◆ Task goal ◆
Below is a listing; restate from it, character for character, the lines beginning at the line holding "Amazon Basics Packing" and ending at the line holding "Esszimmertisch Edge Akazie", both included.
* * * * * * * * *
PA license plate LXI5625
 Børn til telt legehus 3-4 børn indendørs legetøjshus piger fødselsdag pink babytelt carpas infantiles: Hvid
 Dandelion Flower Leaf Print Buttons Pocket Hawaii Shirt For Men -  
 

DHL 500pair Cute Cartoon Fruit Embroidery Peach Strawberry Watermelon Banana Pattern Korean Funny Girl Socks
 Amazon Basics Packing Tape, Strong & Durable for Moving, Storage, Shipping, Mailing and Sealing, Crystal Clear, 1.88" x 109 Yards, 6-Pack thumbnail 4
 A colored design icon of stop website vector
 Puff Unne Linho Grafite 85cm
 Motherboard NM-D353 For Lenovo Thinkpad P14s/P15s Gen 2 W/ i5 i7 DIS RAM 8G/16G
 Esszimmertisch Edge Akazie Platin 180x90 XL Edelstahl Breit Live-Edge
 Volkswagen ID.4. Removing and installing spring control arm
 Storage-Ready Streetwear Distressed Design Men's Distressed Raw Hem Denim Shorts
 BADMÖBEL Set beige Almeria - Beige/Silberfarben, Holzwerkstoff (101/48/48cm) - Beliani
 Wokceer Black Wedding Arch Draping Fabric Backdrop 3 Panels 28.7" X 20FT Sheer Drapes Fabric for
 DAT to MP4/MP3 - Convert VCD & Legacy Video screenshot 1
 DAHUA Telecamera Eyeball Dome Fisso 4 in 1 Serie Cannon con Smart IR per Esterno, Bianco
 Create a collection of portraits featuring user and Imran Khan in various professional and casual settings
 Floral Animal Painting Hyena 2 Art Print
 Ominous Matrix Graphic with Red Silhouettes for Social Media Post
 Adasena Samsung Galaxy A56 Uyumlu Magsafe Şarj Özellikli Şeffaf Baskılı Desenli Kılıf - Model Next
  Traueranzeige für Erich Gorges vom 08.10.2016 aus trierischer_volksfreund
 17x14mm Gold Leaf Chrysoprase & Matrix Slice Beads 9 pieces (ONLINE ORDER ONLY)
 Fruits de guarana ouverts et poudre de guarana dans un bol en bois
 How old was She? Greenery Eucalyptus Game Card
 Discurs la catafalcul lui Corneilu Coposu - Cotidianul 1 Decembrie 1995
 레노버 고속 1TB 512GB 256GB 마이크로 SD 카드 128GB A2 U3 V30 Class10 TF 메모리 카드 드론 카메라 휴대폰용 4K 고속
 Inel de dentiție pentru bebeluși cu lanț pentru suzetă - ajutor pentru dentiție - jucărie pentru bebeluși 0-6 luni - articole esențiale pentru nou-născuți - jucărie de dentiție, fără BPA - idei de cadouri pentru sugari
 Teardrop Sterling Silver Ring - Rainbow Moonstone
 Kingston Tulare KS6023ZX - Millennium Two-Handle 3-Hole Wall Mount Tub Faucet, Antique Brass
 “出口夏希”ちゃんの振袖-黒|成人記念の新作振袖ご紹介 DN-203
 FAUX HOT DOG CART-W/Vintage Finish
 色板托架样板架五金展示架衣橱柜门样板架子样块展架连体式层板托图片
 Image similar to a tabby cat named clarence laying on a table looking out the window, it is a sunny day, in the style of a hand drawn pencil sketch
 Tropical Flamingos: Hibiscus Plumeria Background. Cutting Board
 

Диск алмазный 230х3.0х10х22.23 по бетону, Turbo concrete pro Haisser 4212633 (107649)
* * * * * * * * *
◆ Task output ◆
 Amazon Basics Packing Tape, Strong & Durable for Moving, Storage, Shipping, Mailing and Sealing, Crystal Clear, 1.88" x 109 Yards, 6-Pack thumbnail 4
 A colored design icon of stop website vector
 Puff Unne Linho Grafite 85cm
 Motherboard NM-D353 For Lenovo Thinkpad P14s/P15s Gen 2 W/ i5 i7 DIS RAM 8G/16G
 Esszimmertisch Edge Akazie Platin 180x90 XL Edelstahl Breit Live-Edge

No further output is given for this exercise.